Un personaggio di questo rilievo, secondo le dichiarazioni di Amara stavolta abbondantemente riscontrate dagli inquirenti, viene invitato a cena da Amara stesso e ci trova il procuratore Capristo in grande confidenza con il padrone di casa, «e cinicamente decide di nominarmi». Da lì si dipana tra lo stesso Laghi e Capristo un rapporto di grande amicizia. I magistrati ricostruiscono in un solo mese venti telefonate tra i due. Capristo chiede a Laghi di far lavorare un suo amico, l’avvocato pugliese Giacomo Ragno, e Laghi ordina a Nicoletti di indurre i dipendenti Ilva sotto processo nelle varie inchieste sulle morti in fabbrica di lavoratori a nominare Ragno come loro difensore. Quando in un incidente muore l’operaio Giacomo Campo (settembre 2016) Capristo chiede a Laghi il nome di un perito di fiducia dell’Ilva, Laghi ordina a Nicoletti di provvedere, Capristo nel giro di poche ore fornisce il nome alla sostituta Giovanna Cannalire fingendo di averlo trovato lui, il professore Sorli del Politecnico di Torino prende l’aereo, arriva a Taranto e dopo 24 ore fa dissequestrare l’impianto.

Fa il consulente della procura ma sono gli uomini dell’Ilva a spiegargli (anche se non possiamo dire se questo abbia influenzato il suo lavoro) che il rapido dissequestro è strategico per il futuro dell’acciaieria che si sta cercando di vendere, con i risultati oggi noti.

Il punto è che l'Ilva è, come società, imputata per le sue responsabilità societarie nel processo Ambiente svenduto che proprio a giugno scorso ha portato a condanne per quasi 400 anni di carcere per l’inquinamento protratto per lunghi anni dalla gestione della famiglia Riva.

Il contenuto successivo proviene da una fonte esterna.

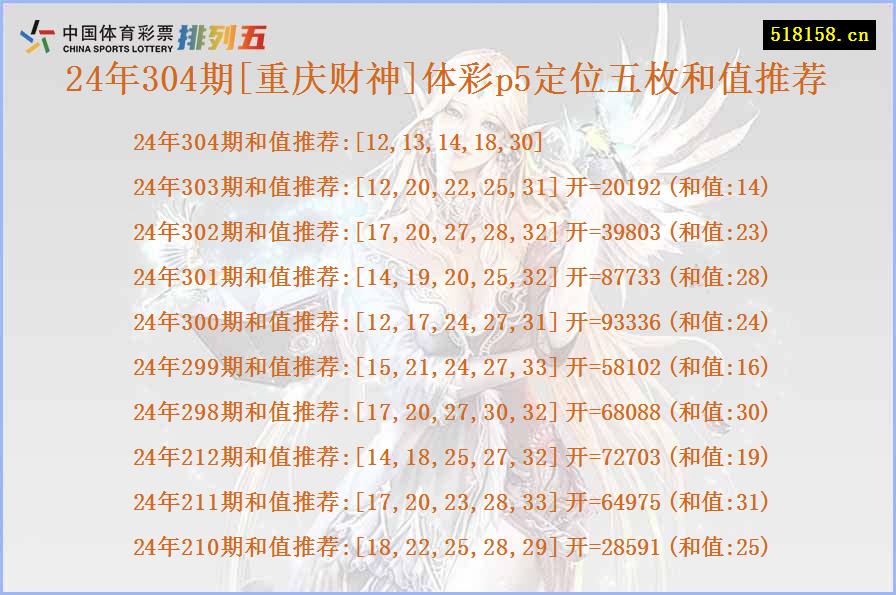 24年304期[重庆财神]体彩p5定位五枚和值推荐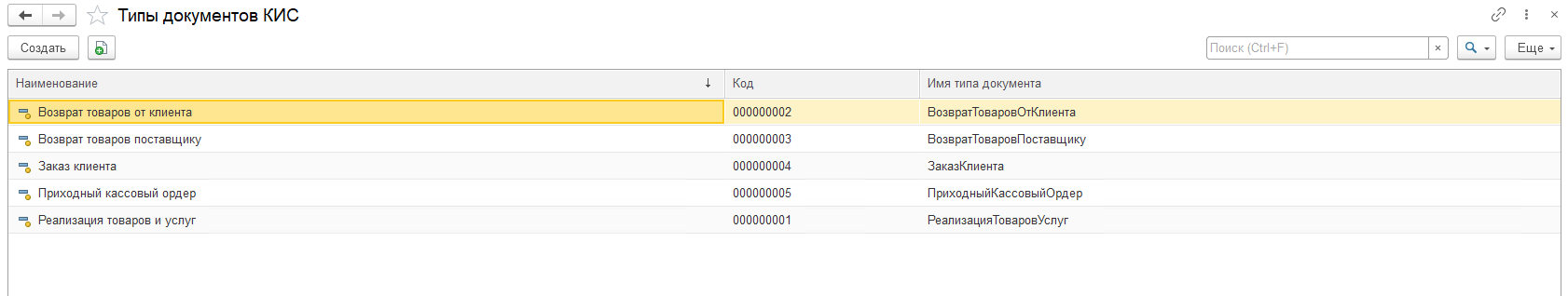 Типы документов КИС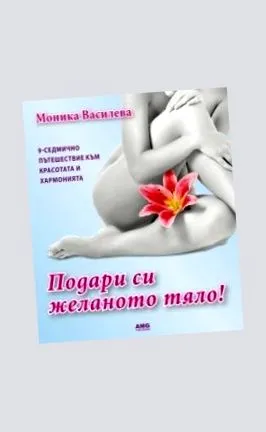 kívánt testet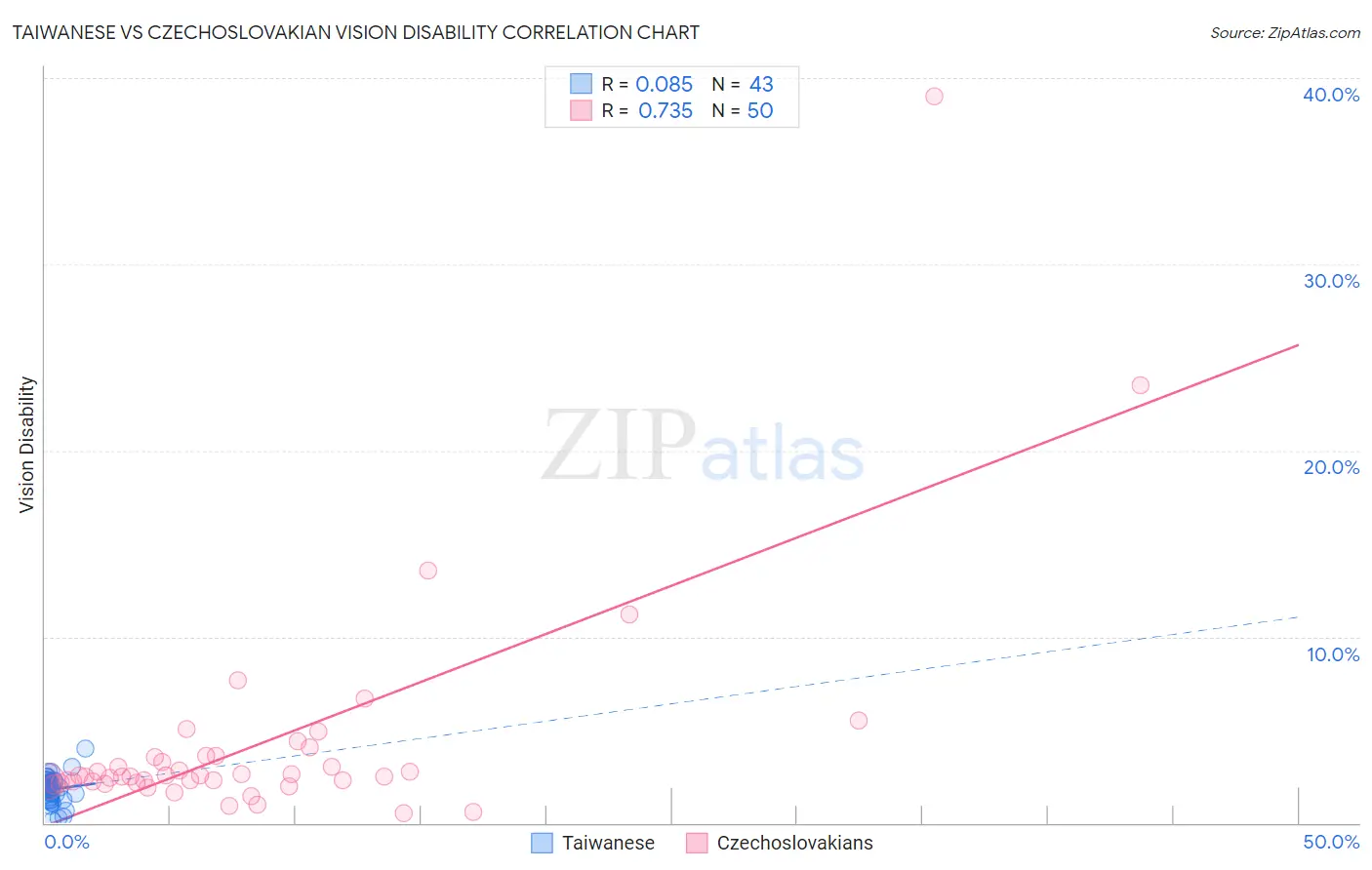 Taiwanese vs Czechoslovakian Vision Disability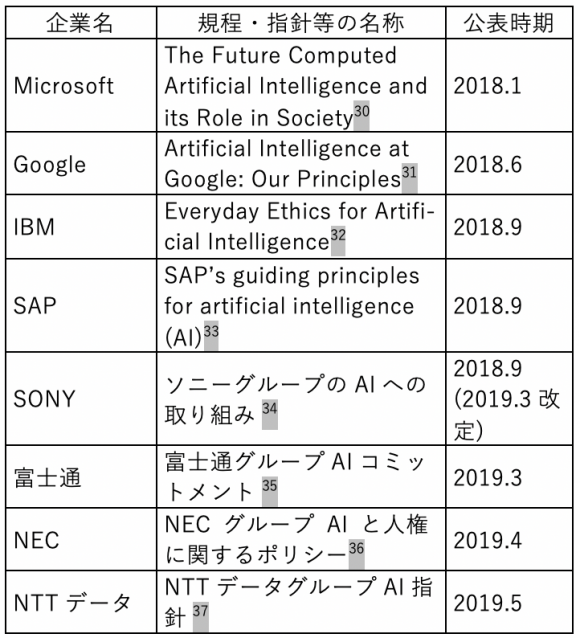 代表的な企業におけるAIに関する倫理規範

Laghi è il dominus dell’azienda imputata. E ciò non gli impedisce di avere rapporti di grande cordialità con l’uomo che rappresenta la pubblica accusa in una vicenda giudiziaria di enorme rilievo per la storia dell’industria italiana. E siccome non è un avvocaticchio di provincia ma, per unanime riconoscimento, il numero uno, rimane la domanda a cui la politica, gli avvocati, i magistrati e il mondo delle imprese devono rispondere subito, senza la balla che bisogna aspettare la Cassazione: fanno tutti così?